Shawntinice Polk

Personal information
- Born: March 27, 1983
- Died: September 26, 2005 (aged 22) Tucson, Arizona, U.S.
- Nationality: American
- Listed height: 6 ft 5 in (1.96 m)
- Listed weight: 225 lb (102 kg)

Career information
- High school: Hanford (Hanford, California)
- College: Arizona (2001–2005)
- Position: Center

Career highlights
- Parade All-American (2001); 3x All Pac-10 (2003–2005); Pac-10 Freshman of the Year (2003); Pac-10 All-Freshman Team (2003);

= Shawntinice Polk =

American basketball player

Shawntinice Polk (March 27, 1983 - September 26, 2005) was an American women's basketball player who played at the University of Arizona.

==Career==
Despite playing only three seasons, she ranks fourth on the school's all time chart for points scored with 1,467 points.

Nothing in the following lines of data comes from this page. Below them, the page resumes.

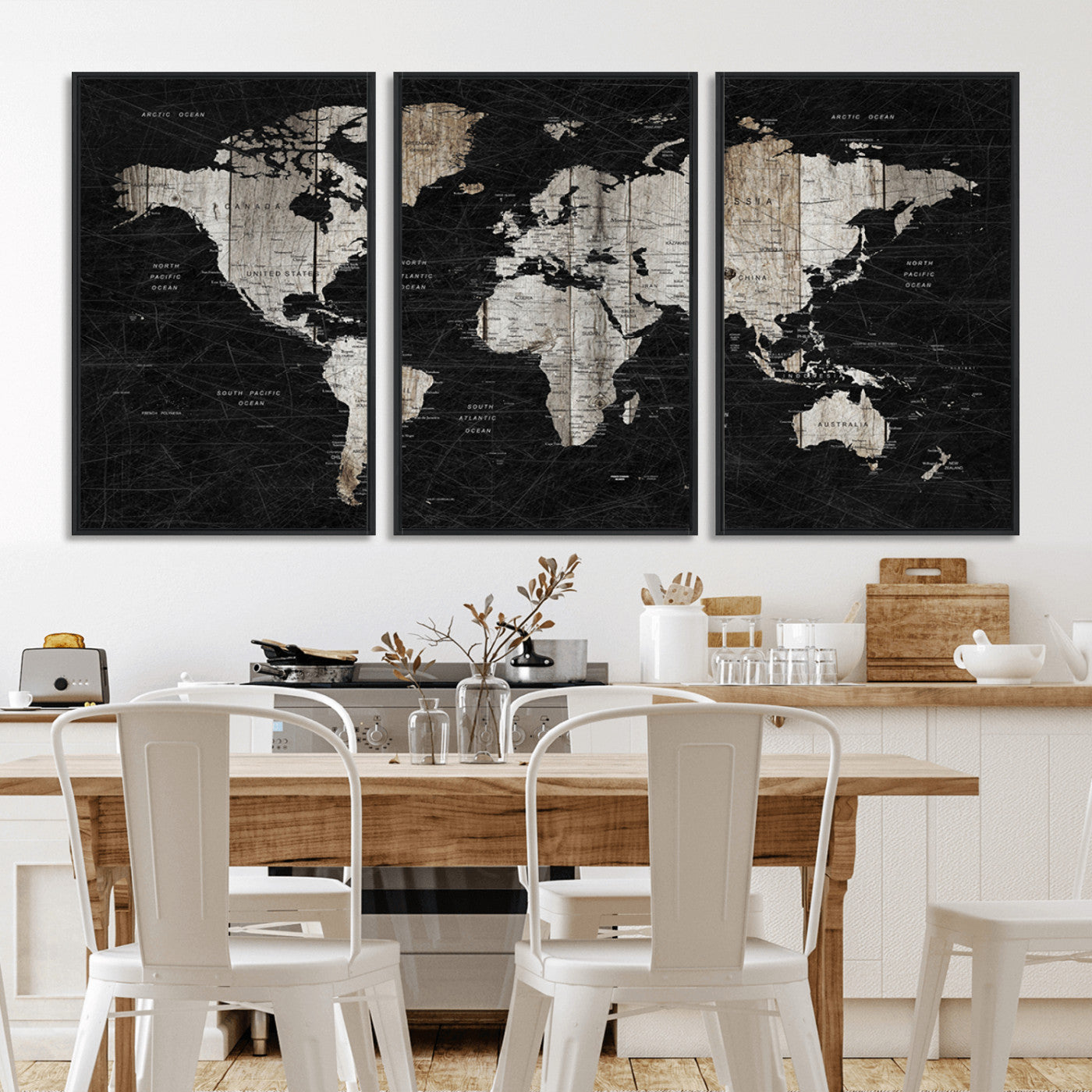 Push Pin World Map Canvas Print – Framed Wall Art for Couples to Track Their Travels – Anniversary Gift or Home Adventure Decor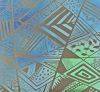 90 Pre Made Etched Pattern #169 Geometric Patchwork, Aurora Borealis P-Teal Dichroic on Vintage Uroboros FX Thin Clear Glass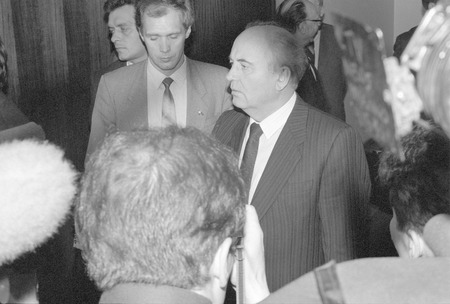 Moscow, USSR - August 23, 1991: President of the USSR Mikhail Sergeevich Gorbachev at extraordinary session of Supreme Soviet of people's deputies of the USSRのeditorial素材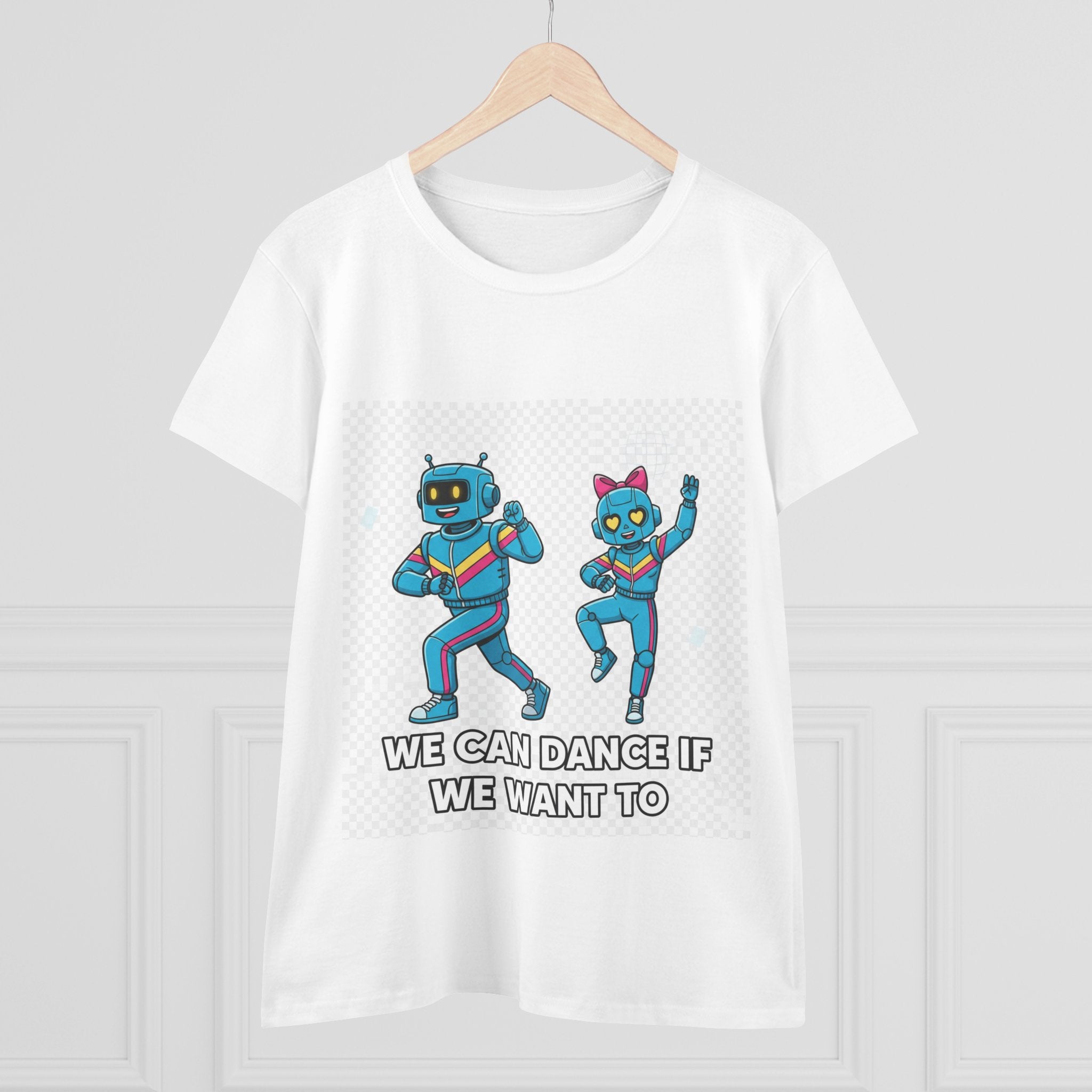 Dancing Robots Tee — “We Can Dance If We Want To” Women's Cotton T‑Shirt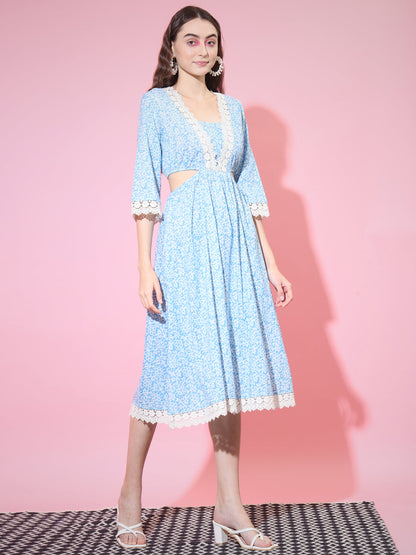 Women's Blue Floral Printed Fit And Flare Dress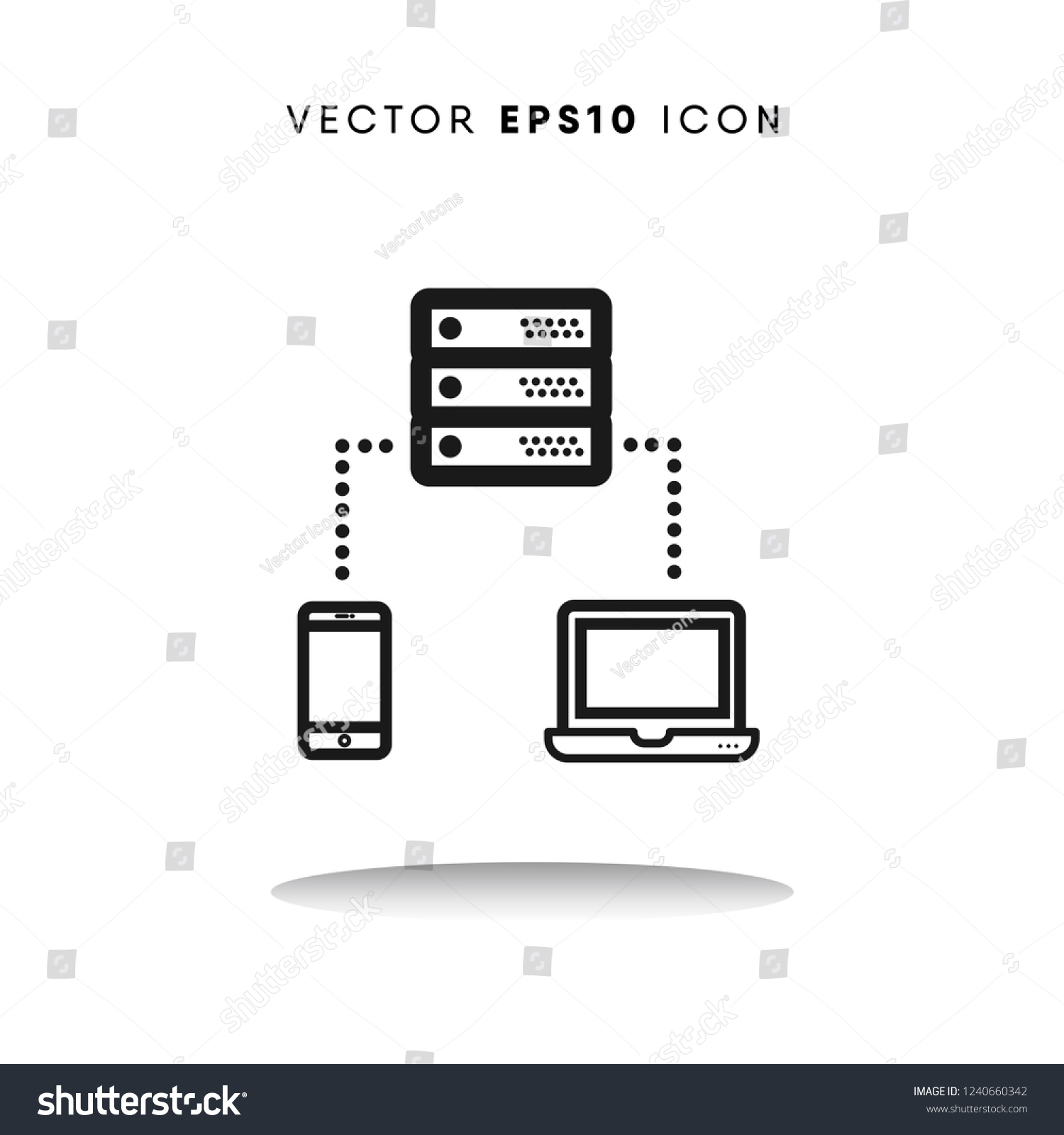 Client Server Vector Icon のベクター画像素材 ロイヤリティフリー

She has also compiled 914 rebounds, 222 blocks, 220 assists, 145 steals, and a 57.3 field goal percentage.
===Arizona statistics===

Source

| Year | Team | GP | Points | FG% | 3P% | FT% | RPG | APG | SPG | BPG | PPG |
| 2002-03 | Arizona | 31 | 538 | 60.9% | 0.0% | 59.6% | 10.8 | 2.6 | 1.7 | 2.6 | 17.4 |
| 2003-04 | Arizona | 33 | 549 | 57.4% | 0.0% | 52.4% | 10.3 | 2.3 | 1.6 | 2.4 | 16.6 |
| 2004-05 | Arizona | 30 | 380 | 52.9% | 0.0% | 60.2% | 8.0 | 2.1 | 1.3 | 2.1 | 12.7 |
| Career |  | 94 | 1467 | 57.3% | 0.0% | 57.0% | 9.7 | 2.3 | 1.5 | 2.4 | 15.6 |

==Death==
Shawntinice Polk died suddenly on the morning of September 26, 2005 when a pulmonary blood clot lodged (pulmonary embolism) in one of her lungs. It was a rare fatal occurrence for a healthy woman of her age. Polk is survived by her mother, Johnny Little, four older brothers and two older sisters. She was only 22 years old.

==High school career==
- Attended Hanford High School in Hanford, California, where she was a four-year letterwinner in both basketball and volleyball.
- Named a 2001 All-America first team by WBCA, Parade Magazine and USA Today.
- Participated in the 2001 WBCA High School All-America Game where she scored eight points.
- Recorded 2,163 points, 1,326 rebounds and 384 blocks, while leading Hanford to a 119-13 overall record during her high school career.
- A three-time CIF All-Central Section honoree.
- A four-time all-conference, all-city and all-county selection.
- Averaged 16.1 ppg., 13.1 rpg. and 4.1 bpg. as a senior, while leading Hanford to a 31-2 record and the CIF Division II state championship.
- Earned all-league honors in volleyball.

==College career==
- Named WBCA All-America honorable mention in 2003, 2004 and 2005.
- Three-time All-Pacific-10 Conference first team in 2003, 2004 and 2005.
- Named to the 2005 Kodak All-Region 8 team
- Two-time Associated Press All-America honorable mention in 2003 and 2004.
- Named WBCA Player of the Month for Feb. 2004.
- Three-time Pac-10 Player of the Week in 2004 and four-time Pac-10 Player of the Week in 2003.
- Named the 2003 Pac-10 Freshman of the Year.
- Selected 2003 All-Pac-10 and to the 2003 Pac-10 All-Freshmen Team.
- Selected to the Freshmen All-America first team by Full Court Press and WomensCollegeHoops.com in 2003.
- Named the MVP at the 2002 Fiesta Bowl Classic, averaged 20.5 ppg. and 13.5 rpg.
- Named by Sports Illustrated as one of five collegiate women who are "Elevating the Game" (1/20/03).
- Holds Career School Records for Blocked Shots (222), Double Doubles (46), and Rebounding Average (9.7 per game).